TO DO - In the entries that follow, the lines from the line containing "Hotel Tyrol Selva" up to and including the line containing "Hot Wheels: World's Best Driver, PS3" must be copied exactly, with pictures omitted.

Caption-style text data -
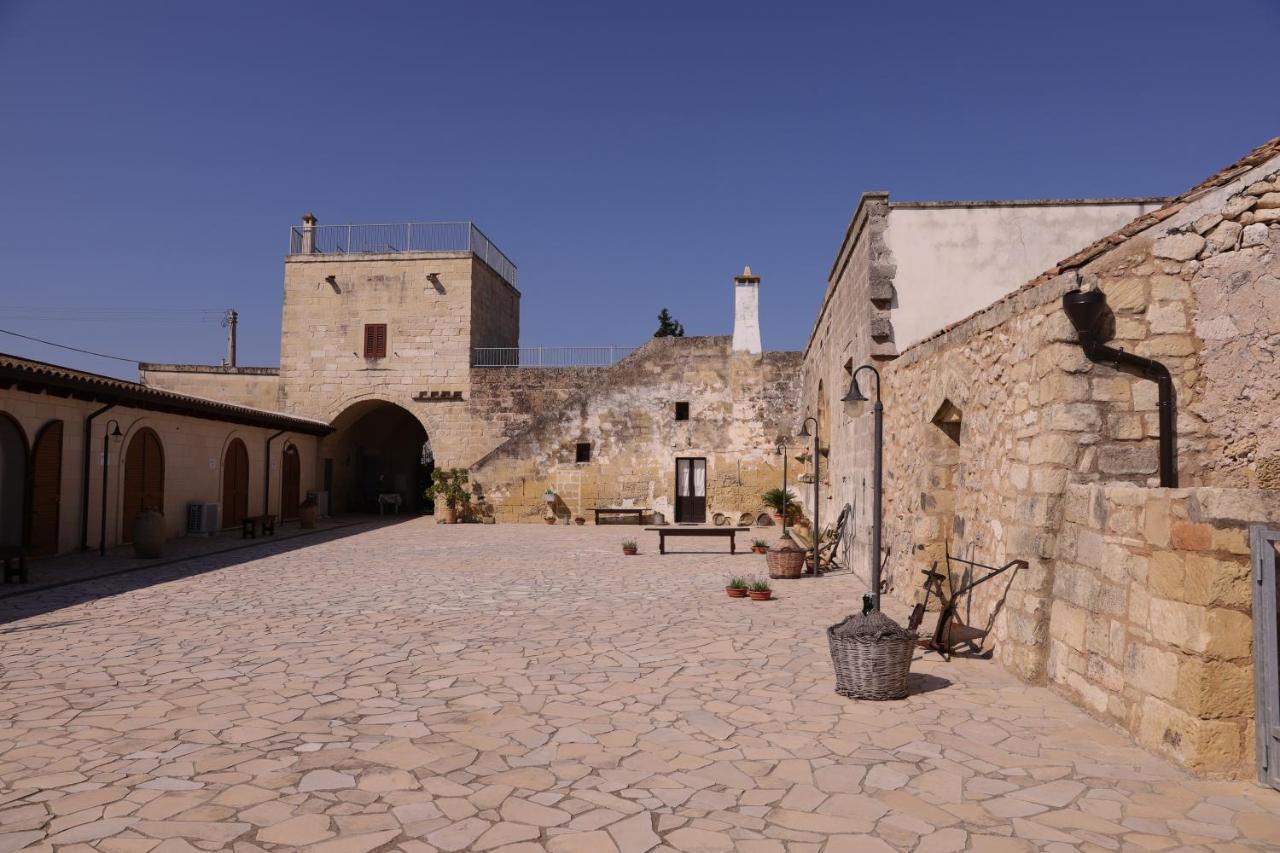Masseria Carlini 阿卡亚 外观 照片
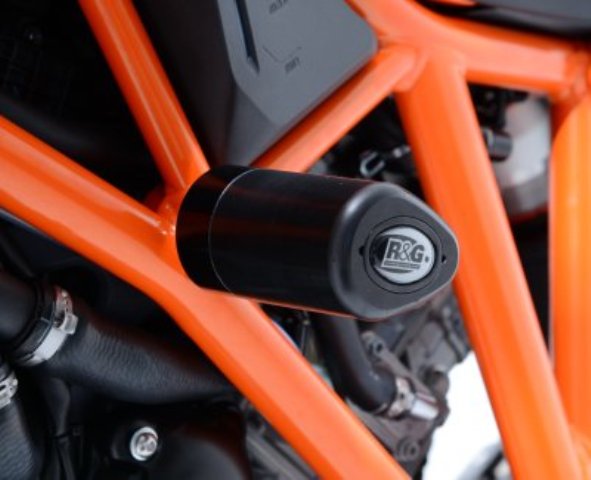 Tampons de protection AERO R&G 1290 Super Duke R (14-19)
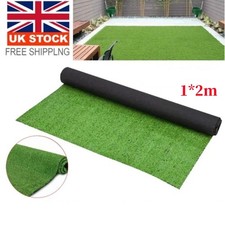 4M Artificial Grass Garden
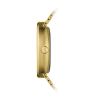Montre Mido Commander Icône 42mm Cadran Jaune Bracelet Acier inoxydable Or jaune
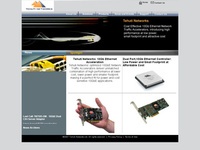 AAA 15849 Single Chip Low Power 10 Gigabit Ethernet Controller Provider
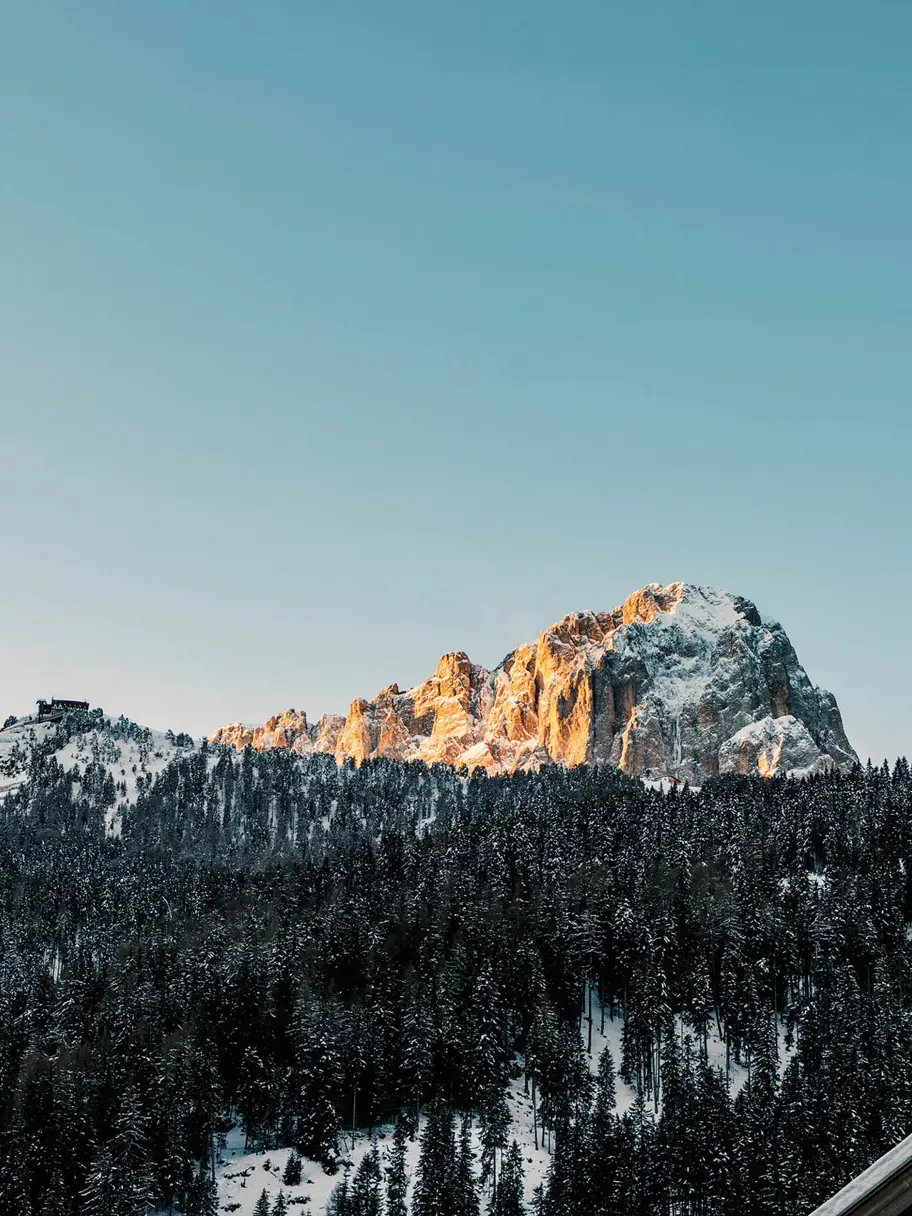 Hotel Tyrol Selva Val Gardena Dolomiti Tyrol Dic 04
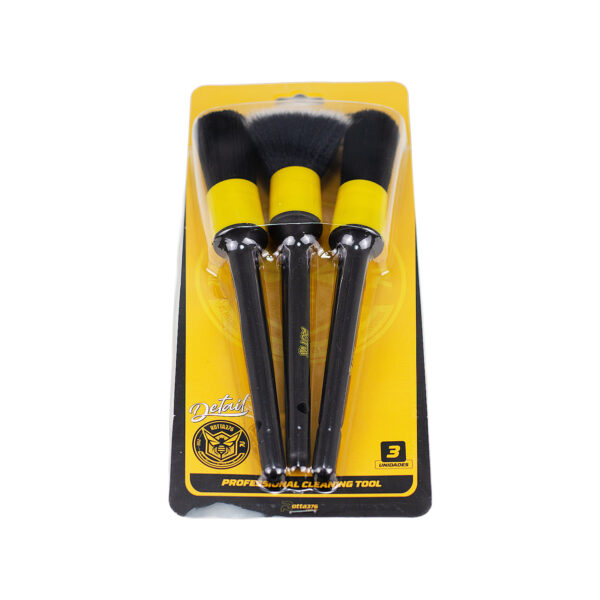 Kit De Pinceis Interno / Externo / Multimidia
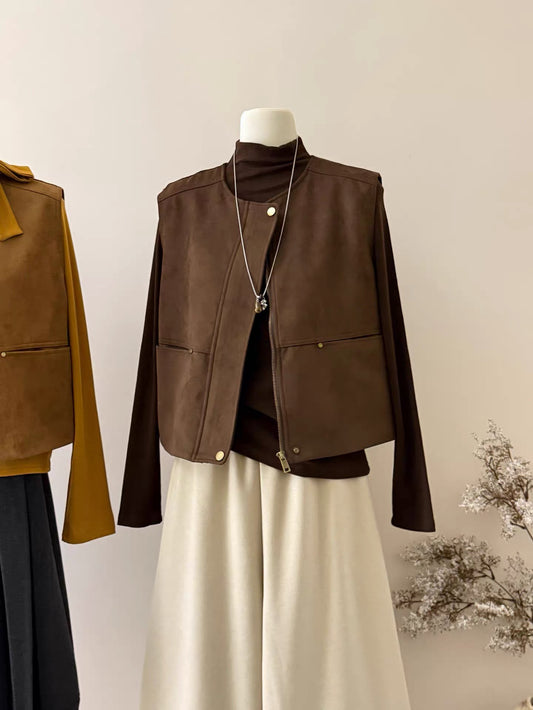 H1271 Retro Women's Vest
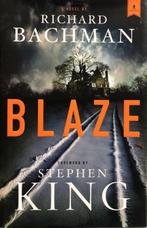 Blaze 9781416554844 Richard Bachman, Verzenden, Gelezen, Richard Bachman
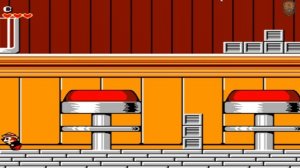 Чип и Дейл «Закусочная 3/1»➤ Chip and Dale Rescue Rangers ( NES / Famicom / Dendy)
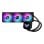 Refrigerazione Liquida ASUS TUF GAMING LC III 360mm 3 Ventole ARGB Multicolore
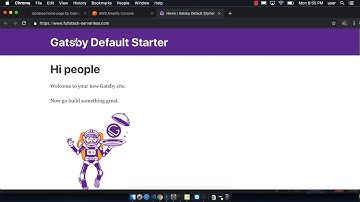 Gatsby AWS Amplify Automated Code Pipeline Tutorials- #5 Set up Costom Domain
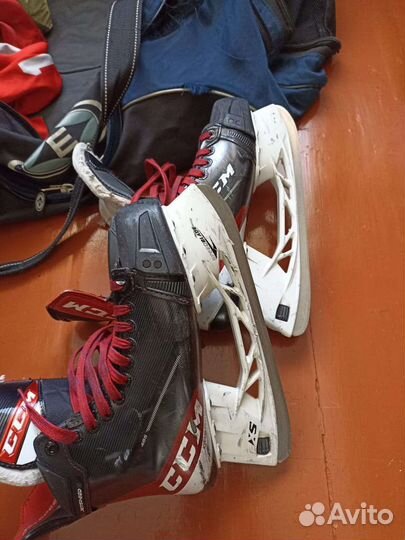 Хоккейная форма бу взрослая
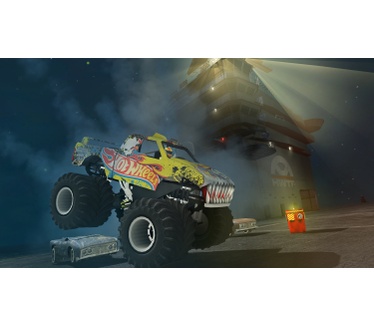 Hot Wheels: World's Best Driver, PS3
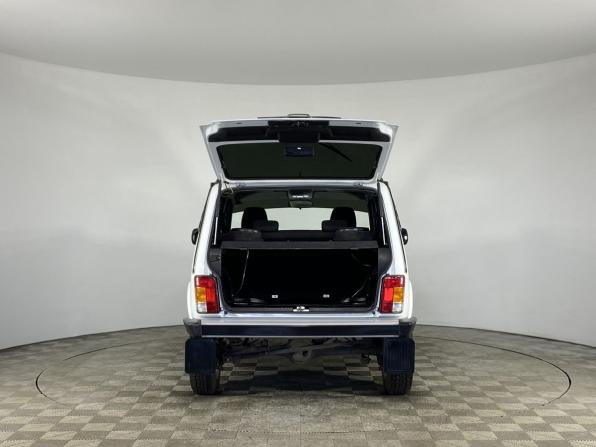 Lada (ВАЗ) Niva Legend с пробегом 2025 года, цена 990 000 рублей, 8624 км, внедорожник, Автокод Объявления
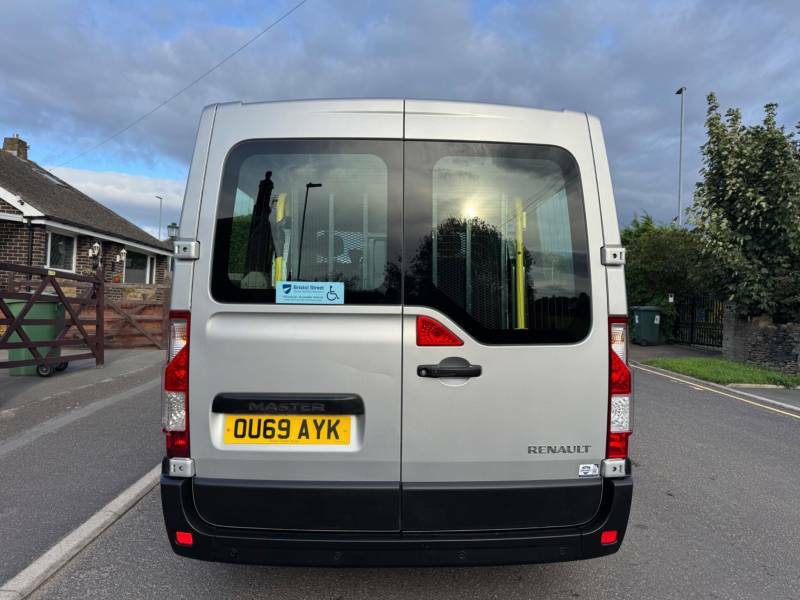 Renault Master 2.3 Dci Energy 28 Business Fwd Swb Euro 6 Ss 5 Grey #5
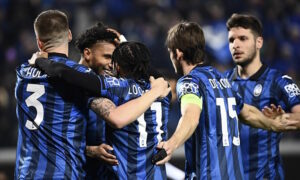 - Dublin'de oynanan finalde 51 maçtır yenilmeyen Bayer Leverkusen'i 3-0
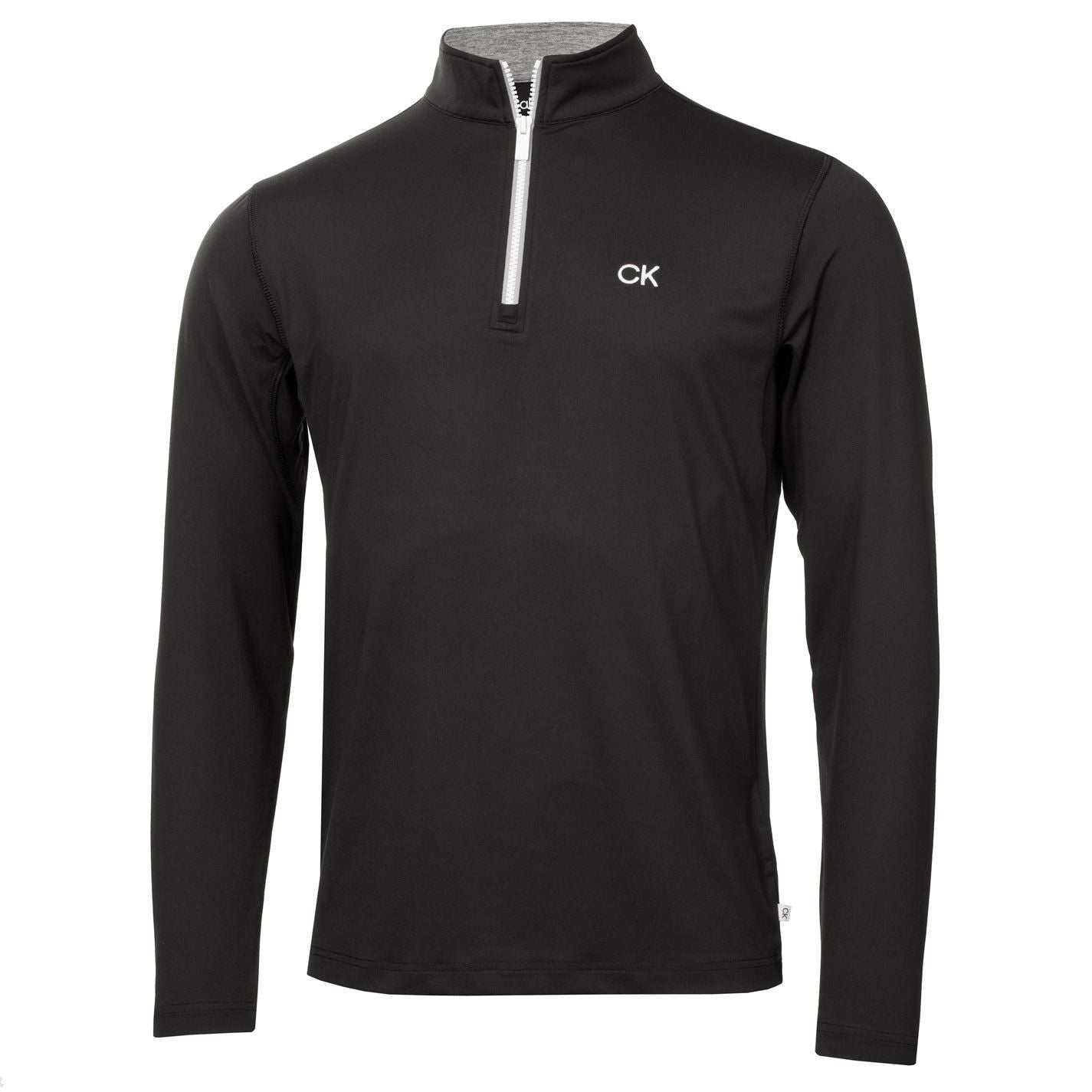 Calvin Klein Golf Mens Golf Albany Half Zip Pullover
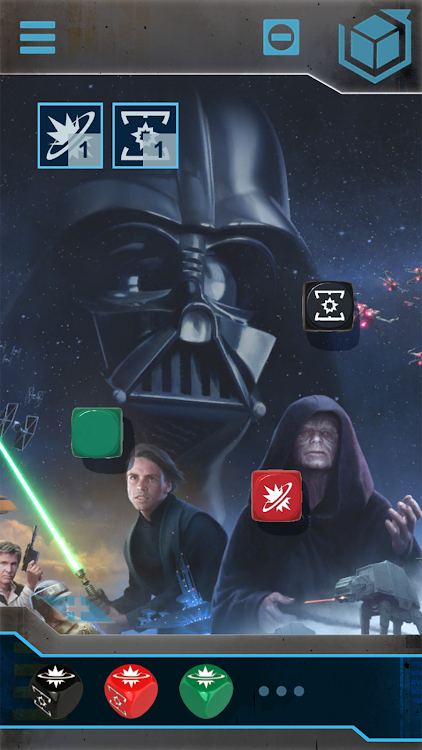 Star Wars™ Dice - 2.0.4 - (Android)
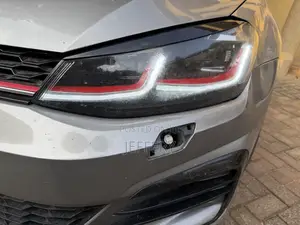 Volkswagen Gti Front Headlights Redline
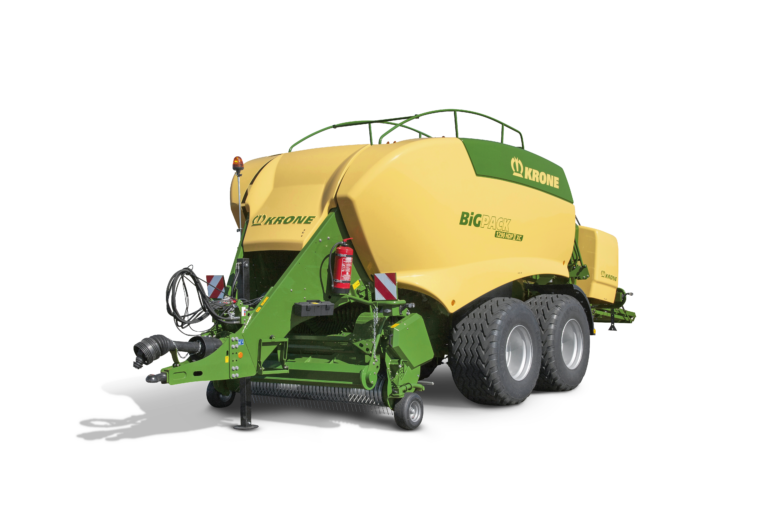 Krone Big Pack 4th Generation Large Square Baler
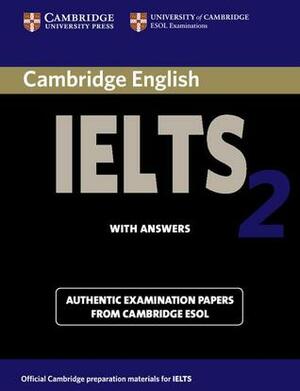 Cambridge IELTS 2 Academic by University of Cambridge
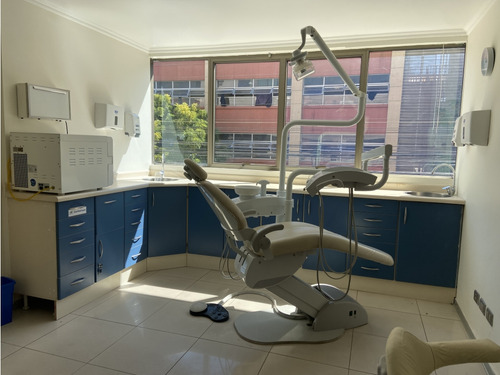 Consultas Odontológicas Equipadas En Centro Médico Talca
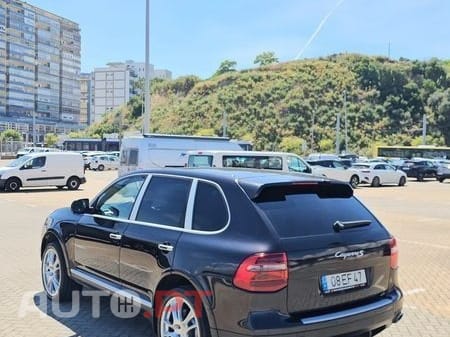 Porsche Cayenne S Tiptronic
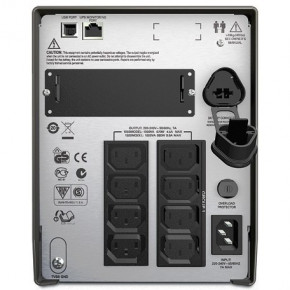  APC Smart-UPS 1500VA LCD (SMT 1500I) 6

COMPLETED EXERCISE -
 Hotel Tyrol Selva Val Gardena Dolomiti Tyrol Dic 04
 Kit De Pinceis Interno / Externo / Multimidia
 H1271 Retro Women's Vest
 Blaze 9781416554844 Richard Bachman, Verzenden, Gelezen, Richard Bachman
 Чип и Дейл «Закусочная 3/1»➤ Chip and Dale Rescue Rangers ( NES / Famicom / Dendy)
 Refrigerazione Liquida ASUS TUF GAMING LC III 360mm 3 Ventole ARGB Multicolore
 Gatsby AWS Amplify Automated Code Pipeline Tutorials- #5 Set up Costom Domain
 Хоккейная форма бу взрослая
 Hot Wheels: World's Best Driver, PS3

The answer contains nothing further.